Activity: Find the lines in the records that carry the word "Stock". Copy each one.

Source data:
▬▬▬▬▬▬
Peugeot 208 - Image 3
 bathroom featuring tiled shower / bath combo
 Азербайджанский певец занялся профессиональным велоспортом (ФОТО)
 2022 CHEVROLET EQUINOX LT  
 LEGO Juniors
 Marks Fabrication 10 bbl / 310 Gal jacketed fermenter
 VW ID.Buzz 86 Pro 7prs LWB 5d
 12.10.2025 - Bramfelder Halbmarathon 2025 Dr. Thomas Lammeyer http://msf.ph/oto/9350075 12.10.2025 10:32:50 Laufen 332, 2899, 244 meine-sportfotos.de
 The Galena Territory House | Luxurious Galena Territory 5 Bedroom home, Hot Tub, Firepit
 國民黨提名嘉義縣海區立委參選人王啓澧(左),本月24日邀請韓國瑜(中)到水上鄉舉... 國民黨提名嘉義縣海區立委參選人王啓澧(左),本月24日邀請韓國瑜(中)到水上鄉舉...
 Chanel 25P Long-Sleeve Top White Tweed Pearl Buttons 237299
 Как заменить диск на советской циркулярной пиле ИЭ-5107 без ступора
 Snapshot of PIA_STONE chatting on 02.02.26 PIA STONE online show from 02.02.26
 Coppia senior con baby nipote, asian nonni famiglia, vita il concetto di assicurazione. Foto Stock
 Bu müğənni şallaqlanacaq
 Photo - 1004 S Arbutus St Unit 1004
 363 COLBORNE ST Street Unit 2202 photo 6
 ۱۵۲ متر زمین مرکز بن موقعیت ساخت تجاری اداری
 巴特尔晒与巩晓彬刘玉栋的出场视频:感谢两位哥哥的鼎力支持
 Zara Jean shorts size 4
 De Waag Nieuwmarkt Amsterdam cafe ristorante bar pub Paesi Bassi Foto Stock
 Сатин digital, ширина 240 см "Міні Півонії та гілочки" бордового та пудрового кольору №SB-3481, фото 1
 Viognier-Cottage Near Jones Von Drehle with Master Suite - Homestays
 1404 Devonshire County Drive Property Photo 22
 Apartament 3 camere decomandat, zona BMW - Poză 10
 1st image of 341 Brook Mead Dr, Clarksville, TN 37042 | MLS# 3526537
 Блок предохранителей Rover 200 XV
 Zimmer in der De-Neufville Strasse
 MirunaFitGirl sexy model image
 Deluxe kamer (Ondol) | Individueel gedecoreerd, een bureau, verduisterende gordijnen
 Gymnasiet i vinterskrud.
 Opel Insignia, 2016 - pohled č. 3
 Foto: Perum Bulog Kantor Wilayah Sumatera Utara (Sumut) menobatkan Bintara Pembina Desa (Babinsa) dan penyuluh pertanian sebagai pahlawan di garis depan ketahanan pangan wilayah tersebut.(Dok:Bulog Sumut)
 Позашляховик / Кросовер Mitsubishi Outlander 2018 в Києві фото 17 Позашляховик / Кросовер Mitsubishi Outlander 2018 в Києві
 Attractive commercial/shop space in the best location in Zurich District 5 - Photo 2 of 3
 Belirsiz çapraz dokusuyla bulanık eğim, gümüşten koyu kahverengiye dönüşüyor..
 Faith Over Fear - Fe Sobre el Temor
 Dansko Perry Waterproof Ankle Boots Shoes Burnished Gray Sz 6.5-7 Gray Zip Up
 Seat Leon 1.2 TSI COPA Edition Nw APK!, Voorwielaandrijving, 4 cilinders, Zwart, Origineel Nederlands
▬▬▬▬▬▬
Task response:
 Coppia senior con baby nipote, asian nonni famiglia, vita il concetto di assicurazione. Foto Stock
 De Waag Nieuwmarkt Amsterdam cafe ristorante bar pub Paesi Bassi Foto Stock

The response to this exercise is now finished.